Amazon Timestream

Amazon Timestream — AWS's purpose-built serverless time-series database. Covers time-series data model, storage tiers, query engine, and cross-cloud equivalents.

Overview

Amazon Timestream is AWS's fully managed, serverless time-series database — optimized for storing and querying data where time is the primary axis, such as IoT sensor readings, application metrics, server telemetry, and financial tick data.

What is Time-Series Data?

Time-series data is a sequence of values recorded at successive points in time. Every record has three components:

[ timestamp ]  [ dimension(s) ]  [ measure(s) ]
  10:00:01       server="web-01"   cpu=72.4
  10:00:01       server="web-02"   cpu=45.1
  10:00:02       server="web-01"   cpu=73.1

Component	Description	Example
Timestamp	When the data point was recorded	`2024-01-15 10:00:01.000`
Dimension	Metadata that identifies the source — does not change frequently	`server="web-01"`, `region="us-east-1"`
Measure	The actual value being recorded — changes every interval	`cpu=72.4`, `temperature=21.3`

Why not just use a regular relational database?

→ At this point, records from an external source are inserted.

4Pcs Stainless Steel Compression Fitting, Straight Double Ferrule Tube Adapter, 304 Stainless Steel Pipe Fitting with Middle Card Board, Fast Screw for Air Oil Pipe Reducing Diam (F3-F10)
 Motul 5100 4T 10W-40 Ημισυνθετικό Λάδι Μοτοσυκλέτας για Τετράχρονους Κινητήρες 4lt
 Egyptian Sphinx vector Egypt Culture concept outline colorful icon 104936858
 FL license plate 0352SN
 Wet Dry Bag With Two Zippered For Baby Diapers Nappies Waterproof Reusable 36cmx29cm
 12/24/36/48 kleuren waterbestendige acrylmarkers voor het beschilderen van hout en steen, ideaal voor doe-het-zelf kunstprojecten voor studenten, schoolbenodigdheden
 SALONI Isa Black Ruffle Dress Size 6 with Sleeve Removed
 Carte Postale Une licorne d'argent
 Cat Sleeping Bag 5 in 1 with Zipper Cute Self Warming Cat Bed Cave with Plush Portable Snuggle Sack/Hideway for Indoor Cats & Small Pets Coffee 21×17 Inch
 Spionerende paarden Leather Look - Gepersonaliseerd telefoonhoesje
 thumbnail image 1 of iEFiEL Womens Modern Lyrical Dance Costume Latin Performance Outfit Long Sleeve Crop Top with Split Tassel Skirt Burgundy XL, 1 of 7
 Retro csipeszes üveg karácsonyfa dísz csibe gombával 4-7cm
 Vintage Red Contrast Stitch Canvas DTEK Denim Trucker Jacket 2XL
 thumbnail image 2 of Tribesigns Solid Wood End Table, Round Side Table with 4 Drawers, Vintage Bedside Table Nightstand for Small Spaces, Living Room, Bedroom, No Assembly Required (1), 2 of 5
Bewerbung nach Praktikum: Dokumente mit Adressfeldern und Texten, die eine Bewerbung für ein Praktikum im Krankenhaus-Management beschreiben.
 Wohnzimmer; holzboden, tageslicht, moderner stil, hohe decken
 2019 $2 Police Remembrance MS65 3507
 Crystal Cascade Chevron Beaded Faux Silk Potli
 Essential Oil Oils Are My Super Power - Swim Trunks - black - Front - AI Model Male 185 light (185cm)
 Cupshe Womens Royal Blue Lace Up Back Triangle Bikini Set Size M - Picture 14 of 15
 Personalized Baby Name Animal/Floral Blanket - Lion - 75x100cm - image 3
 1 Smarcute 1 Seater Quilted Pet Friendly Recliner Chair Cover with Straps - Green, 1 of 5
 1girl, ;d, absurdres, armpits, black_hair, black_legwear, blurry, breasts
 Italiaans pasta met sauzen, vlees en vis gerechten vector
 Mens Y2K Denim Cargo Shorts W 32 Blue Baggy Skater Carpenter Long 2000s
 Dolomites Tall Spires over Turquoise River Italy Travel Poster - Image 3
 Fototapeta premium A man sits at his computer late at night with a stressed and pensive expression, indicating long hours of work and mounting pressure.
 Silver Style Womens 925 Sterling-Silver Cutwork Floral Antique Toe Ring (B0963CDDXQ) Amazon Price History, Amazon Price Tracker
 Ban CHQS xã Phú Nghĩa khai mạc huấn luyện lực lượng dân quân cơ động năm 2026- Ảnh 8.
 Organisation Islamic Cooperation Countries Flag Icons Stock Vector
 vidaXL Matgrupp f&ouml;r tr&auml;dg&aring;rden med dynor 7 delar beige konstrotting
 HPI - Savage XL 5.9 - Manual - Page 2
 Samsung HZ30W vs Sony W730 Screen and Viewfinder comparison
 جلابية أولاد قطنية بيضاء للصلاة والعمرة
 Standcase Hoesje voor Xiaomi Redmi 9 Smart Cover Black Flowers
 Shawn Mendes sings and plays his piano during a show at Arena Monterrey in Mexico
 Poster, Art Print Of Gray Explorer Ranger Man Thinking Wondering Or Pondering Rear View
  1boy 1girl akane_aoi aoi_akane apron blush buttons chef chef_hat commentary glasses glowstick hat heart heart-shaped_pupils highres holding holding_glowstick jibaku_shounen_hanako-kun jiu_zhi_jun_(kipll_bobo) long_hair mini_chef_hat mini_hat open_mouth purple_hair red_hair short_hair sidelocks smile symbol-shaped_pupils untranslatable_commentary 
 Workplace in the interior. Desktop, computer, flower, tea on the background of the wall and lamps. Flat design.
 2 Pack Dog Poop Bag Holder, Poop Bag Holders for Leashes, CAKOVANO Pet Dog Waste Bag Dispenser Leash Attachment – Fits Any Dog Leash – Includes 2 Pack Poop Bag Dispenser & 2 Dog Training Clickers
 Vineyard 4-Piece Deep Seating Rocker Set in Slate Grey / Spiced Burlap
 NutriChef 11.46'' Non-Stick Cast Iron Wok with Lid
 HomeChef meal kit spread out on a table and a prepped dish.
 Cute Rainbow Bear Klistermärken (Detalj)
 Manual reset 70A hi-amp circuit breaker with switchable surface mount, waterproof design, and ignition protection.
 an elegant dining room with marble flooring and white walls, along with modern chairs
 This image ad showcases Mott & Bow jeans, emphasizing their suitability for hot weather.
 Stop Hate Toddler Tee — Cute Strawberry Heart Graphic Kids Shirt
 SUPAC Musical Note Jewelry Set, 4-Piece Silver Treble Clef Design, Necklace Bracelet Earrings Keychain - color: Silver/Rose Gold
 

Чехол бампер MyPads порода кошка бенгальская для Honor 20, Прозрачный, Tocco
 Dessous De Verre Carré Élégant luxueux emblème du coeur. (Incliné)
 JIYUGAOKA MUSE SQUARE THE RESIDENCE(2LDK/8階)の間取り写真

A general-purpose database can store time-series data, but time-series workloads have characteristics that make it inefficient:

Characteristic	Impact on a regular DB	Timestream's approach
Write volume is extremely high (millions of points/second)	Table grows unboundedly; INSERT performance degrades	Append-only ingestion; no indexes on writes
Queries almost always filter by time range	Full table scans or manual partitioning by date needed	Time is a native, first-class query dimension
Recent data is hot; old data is cold	Developer manages partitioning + archival manually	Automatic two-tier storage (memory → S3)
Data is naturally ordered by time	B-tree indexes waste space on monotonically increasing timestamps	Columnar storage optimized for time ordering

Architecture

Two-Tier Automatic Storage

Timestream automatically manages a two-tier storage model — retention policies are configured and data moves between tiers automatically:

Write                     Memory Store                    Magnetic Store
  │       recent, hot data    │        older, cold data        │
  └──────▶  (in-memory)       │  ──auto-moves after TTL──▶  (S3-backed columnar)
            ms latency        │                               ms–seconds latency
            hours to days     │                               months to years

Tier	Storage Type	Query Latency	Typical Retention	Cost
Memory Store	In-memory	Milliseconds	Hours to days	Higher
Magnetic Store	S3-backed columnar	Milliseconds to seconds	Months to years	Much lower

A memory store retention (e.g. 24 hours) and a magnetic store retention (e.g. 1 year) are configured per table. Data older than the memory retention threshold is automatically moved to magnetic storage. No manual partitioning or archival jobs needed.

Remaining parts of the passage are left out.